----- SOURCE INFORMATION

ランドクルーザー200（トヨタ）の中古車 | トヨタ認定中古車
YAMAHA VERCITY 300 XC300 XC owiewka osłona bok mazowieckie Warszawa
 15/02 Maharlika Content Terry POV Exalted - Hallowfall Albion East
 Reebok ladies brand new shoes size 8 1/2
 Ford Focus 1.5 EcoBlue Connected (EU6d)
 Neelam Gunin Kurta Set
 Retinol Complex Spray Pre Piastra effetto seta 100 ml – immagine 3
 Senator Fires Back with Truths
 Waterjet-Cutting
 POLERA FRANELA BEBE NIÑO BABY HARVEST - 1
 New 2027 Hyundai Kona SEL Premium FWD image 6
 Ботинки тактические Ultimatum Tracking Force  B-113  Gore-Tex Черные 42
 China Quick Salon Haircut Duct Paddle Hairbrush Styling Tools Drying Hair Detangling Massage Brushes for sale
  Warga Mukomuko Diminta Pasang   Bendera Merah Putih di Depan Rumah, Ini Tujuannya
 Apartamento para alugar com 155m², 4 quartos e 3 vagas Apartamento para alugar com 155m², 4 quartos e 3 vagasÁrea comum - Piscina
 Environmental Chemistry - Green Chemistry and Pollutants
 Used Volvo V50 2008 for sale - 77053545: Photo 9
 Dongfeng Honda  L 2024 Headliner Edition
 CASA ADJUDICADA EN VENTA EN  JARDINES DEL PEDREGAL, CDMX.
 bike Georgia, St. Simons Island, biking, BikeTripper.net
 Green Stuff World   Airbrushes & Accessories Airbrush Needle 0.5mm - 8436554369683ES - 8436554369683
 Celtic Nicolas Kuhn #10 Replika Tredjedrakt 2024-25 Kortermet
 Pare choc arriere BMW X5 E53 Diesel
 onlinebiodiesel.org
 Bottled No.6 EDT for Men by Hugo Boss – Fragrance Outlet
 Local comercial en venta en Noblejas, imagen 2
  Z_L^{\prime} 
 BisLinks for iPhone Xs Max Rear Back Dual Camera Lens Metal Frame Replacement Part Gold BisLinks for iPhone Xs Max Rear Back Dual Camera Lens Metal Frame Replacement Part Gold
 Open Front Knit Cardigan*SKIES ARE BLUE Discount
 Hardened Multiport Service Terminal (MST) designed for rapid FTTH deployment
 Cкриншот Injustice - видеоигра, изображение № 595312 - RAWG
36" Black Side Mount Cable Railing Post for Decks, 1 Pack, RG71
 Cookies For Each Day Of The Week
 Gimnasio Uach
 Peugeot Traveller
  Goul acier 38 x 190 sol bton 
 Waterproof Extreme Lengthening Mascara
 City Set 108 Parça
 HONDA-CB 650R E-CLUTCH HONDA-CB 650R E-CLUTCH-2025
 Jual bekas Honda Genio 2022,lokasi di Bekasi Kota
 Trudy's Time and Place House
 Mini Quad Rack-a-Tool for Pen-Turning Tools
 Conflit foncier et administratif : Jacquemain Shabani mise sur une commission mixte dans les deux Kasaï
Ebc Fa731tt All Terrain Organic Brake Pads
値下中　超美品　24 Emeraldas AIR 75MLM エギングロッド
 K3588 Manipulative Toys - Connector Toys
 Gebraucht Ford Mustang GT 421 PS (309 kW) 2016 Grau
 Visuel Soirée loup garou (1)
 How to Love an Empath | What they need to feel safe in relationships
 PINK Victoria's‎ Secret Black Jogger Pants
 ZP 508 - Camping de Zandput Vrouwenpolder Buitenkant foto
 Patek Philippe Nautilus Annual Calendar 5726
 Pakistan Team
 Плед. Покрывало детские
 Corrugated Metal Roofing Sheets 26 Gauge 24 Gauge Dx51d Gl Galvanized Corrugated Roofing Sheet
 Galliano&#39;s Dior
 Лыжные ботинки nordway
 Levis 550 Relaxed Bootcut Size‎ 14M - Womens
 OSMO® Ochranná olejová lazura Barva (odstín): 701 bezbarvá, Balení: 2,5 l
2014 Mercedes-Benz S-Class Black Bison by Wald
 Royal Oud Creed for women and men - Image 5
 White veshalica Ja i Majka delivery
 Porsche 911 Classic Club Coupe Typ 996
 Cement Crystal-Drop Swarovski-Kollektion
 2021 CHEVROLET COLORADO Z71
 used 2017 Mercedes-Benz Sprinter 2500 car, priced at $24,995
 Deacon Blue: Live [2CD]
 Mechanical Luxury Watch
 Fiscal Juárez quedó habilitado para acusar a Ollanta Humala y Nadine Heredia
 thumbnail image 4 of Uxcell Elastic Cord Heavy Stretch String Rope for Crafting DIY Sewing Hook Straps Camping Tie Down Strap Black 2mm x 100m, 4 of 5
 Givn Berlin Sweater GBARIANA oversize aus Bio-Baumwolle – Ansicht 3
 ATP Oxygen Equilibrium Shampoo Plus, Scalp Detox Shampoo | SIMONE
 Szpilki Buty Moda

----------

WHAT YOU NEED TO DO - The answer must be every line of the records that holds the string "Metal".

YOUR RESPONSE -
 BisLinks for iPhone Xs Max Rear Back Dual Camera Lens Metal Frame Replacement Part Gold BisLinks for iPhone Xs Max Rear Back Dual Camera Lens Metal Frame Replacement Part Gold
 Corrugated Metal Roofing Sheets 26 Gauge 24 Gauge Dx51d Gl Galvanized Corrugated Roofing Sheet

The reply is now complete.